Well, youve picked 1) a rather nice looking subject there, but 2) a not very well known example; and as always Japo and EE agree on some stuff and diverge on others, regarding the D-13. However, given Crandall's involvement with Yellow 10 over the years, one must give his overview a decent amount of credence. But at the same time, EE seems to suggest that 836017 wore a base camo of RLM82/76, it also seems to state that 836016 wore RLM82/83 (EE volII, pg.285)
First, what is agreed on - RLM76 lower and RLM82 on the fuselage.
Second what is disagreed on:
EE - RLM82/83 upper fuselage colours (and presumably wing), RLM75 wing lower leading edge.
Japo - RLM81/82 upper fuselage colours, RLM76/81 wing camo and RLM81 wing lower leading edge. The updated Japo profile does appear to be hedging bets between RLM75 and 81 however:
Third, my gut:
Crandall makes numerous claims that the paint found on 836017 was mostly RLM76 (lower) and RLM75 (upper), so I feel it unlilkely that the next a/c in the production sequence would be finished so radically differently (of course to be fair and balanced, if the fuselage sub-assemblies were completed - and pre-painted - by different factories, that may explain this). BUT by that stage of the war, the combinations of 81/82, 82/83, 81/83, 75/82, 75/83 and pretty much any other combination you want to pick, are valid! To add further confusion, the different mixes of RLM81 (that are known) range from a Dark-Green to a Olive-Brown-Violet, so the Crandall interpretation of RLM82/83 may well be an aircraft in 81/82, where the 81 is the very green shade of the colour.
The conclusion is that as long as you follow the 'known patterns' on the a/c and retain the tonal difference that we see in the images, its hard to go wrong.

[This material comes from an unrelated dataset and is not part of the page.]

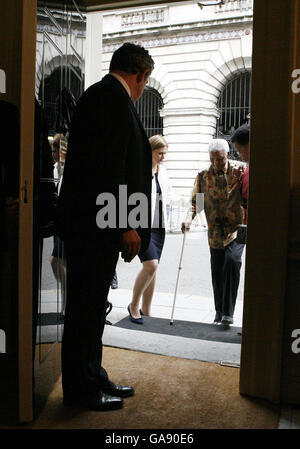 Il primo ministro britannico Gordon Brown e la moglie Sarah accolgono l'ex presidente sudafricano Nelson Mandela, insieme alla moglie Graca Machel, al 10 Downing Street, Londra. Foto Stock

If I was going to paint this a/c, I'd likely be trying to decide between RLM81/82 and RLM82/83 uppers also (the general consensus seems to be 82/83 was an intermediate scheme and 81/82 was the late war scheme - however there is also an argument that RLM81/82 was the 'winter scheme' and RLM82/83 was the 'summer scheme'). You could also take the approach I ended up with on a D-11 (which happened by accident in fact) was that I ended up with a 'Dark Green' mix that is not quite RLM83, but is not far off the early 'green' RLM81 variants, allowing me to argue either! Sneaky, I know!
Hahahaha, I don't think I have helped at all, have I?